Oh lordy, I've got a thing to say about your Javascript.
You could keep the word pairs server side and retrieve them as the page is accessed... or at the very least if you're going to store all your data in a static file you could store them in an array to save space, instead of the whole links. You could get real fancy and make some kind of soundex map thing.
Question: did you just break each word into syllables, and find soundex matches?
No worries, though, I like the compulsive punning. I just like talking about things on the internet.
Is that a function with a 560000+ lines long comment inside of it, that gets turned into a string, then sliced, and split on newlines, then assigned to a global variable that gets used in another global function?
It took a minute just to open the source code in my browser. Chrome used 5.2GB of RAM while viewing the source code, just for that tab.
This is one of those things I would have just assumed was impossible, so never would have tried. Not that I should try something like this, mind, but it is a good reminder not to underestimate these machines we have.
Yeah! Just goes to show you can make a cool thing that is really quick and dirty under the hood.
You could make this page load instantly by making the random selection happen in the backend instead of in the browser, but then I guess it would no longer just be a static file.
You could also just have a compact array of pairs and then generate the sentences in the browser instead of having half a million pre-generated strings.
I feel that to really make this work you would need to filter words with common origins. Like, if one word appears in the dictionary definition of the other word, they likely aren't going to be funny.
Examples:
YOU PUT THE REFINE IN REFINERY.
YOU PUT THE DETECT IN DETECTS.
YOU PUT THE POLYTECHNOLOGY IN POLYTECHNOLOGIES.
But words with no commonality at all and a good rhyme are brilliant.
Hmm, rhymes don't really do it for me. I might even filter out rhymes if I built this. I've heard humans use this format often enough, and I don't think I've ever heard someone use a rhyme. It's just too easy. Putting "the cologne in colonialism" is significantly better.
Yeah, I think the currently allows 1-phoneme differences. I think it would be better if it only allowed 2-3+ phoneme differences when at the end of the word. -s -ies -y arent interesting suffixes.
There are also some that are just nonsensical but when you read a dozen of these in a row, they feel actually kind of funny. Just tunes your brain to a different wavelength.
This is great! Just wish it was possible to filter out uncommon words. I have no idea what half of them means or how they're supposed to be pronounced (non-native).
Maybe they should do a You Can't Spell X without Y snowclone generator next.
Detractors of the popular genre of music often trot out the old adage "you can't spell crap without rap", but what most people fail to realize is that you can't spell fish and chip shop without hip hop.

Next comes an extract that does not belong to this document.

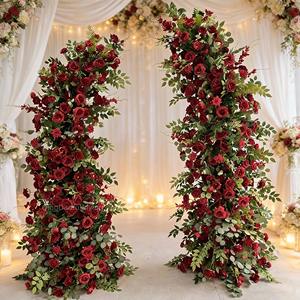 緑の植物と深い赤の角形の造花が結婚式のアーチを形成し、婚約やプロポーズの装飾に適しています。 - Product Image 6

This reminds me of the time I needed to generate some names for testing, and I simply combined the Social Security list of most common first and last names at random. It turns out that the vast majority of possible name combinations are terrible. Not quite "Sleve McDichael" from the notorious Super Famicon game, but close.
Like this, I could read through a whole page of names before finding one that scans. Bennett Takeshita, e.g., is effectively unpronounceable.
I'm not positive what's going on here, but it seems like it's incorrectly detecting syllable divisions? If it thinks that the division is between "o" and "s" in the first and between "t" and "h" in the second, those results would make sense. I don't think anyone actually pronounces "reauthorize" like "warthog", though...
There really needs to be a filter to block these kinds of results.
I wish the word links would let me navigate the set of puns rather than going to google. X links should let me see all the combos that have the same word in the X position. Y links should do the same thing, mutatis mutandis.
Looks pretty great. If someone is looking to do something similar the NLTK has a library with mappings to the pronunciation or you can use soundex. I used the NLTK library for answering "How many rhymes are there in English"[1] but the phonemes were in a different format than IPA.
I don't know if there is something similar to the NLTK library with the mappings but for IPA
I noticed there's a few cases where a th sound puns with a t sound. For example, you put the OUGHT in ROTHMEYER. Intentional due to loose matching? Uncertainty in pronunciations? Or is this a bug where the θ phoneme is represented as the digraph th?
I've been looking for a good one that 1. includes variant pronunciations, and 2. distinguishes all phonemes, e.g. considers Rosa's and roses distinct. So far I haven't found any that fulfill these criteria.
If the author is reading I think a nice small improvement would be to prefix the Google search with "define" (as in: "define ${word}") to invoke Google's dictionary function.
Welp, I have to say it's a resounding success.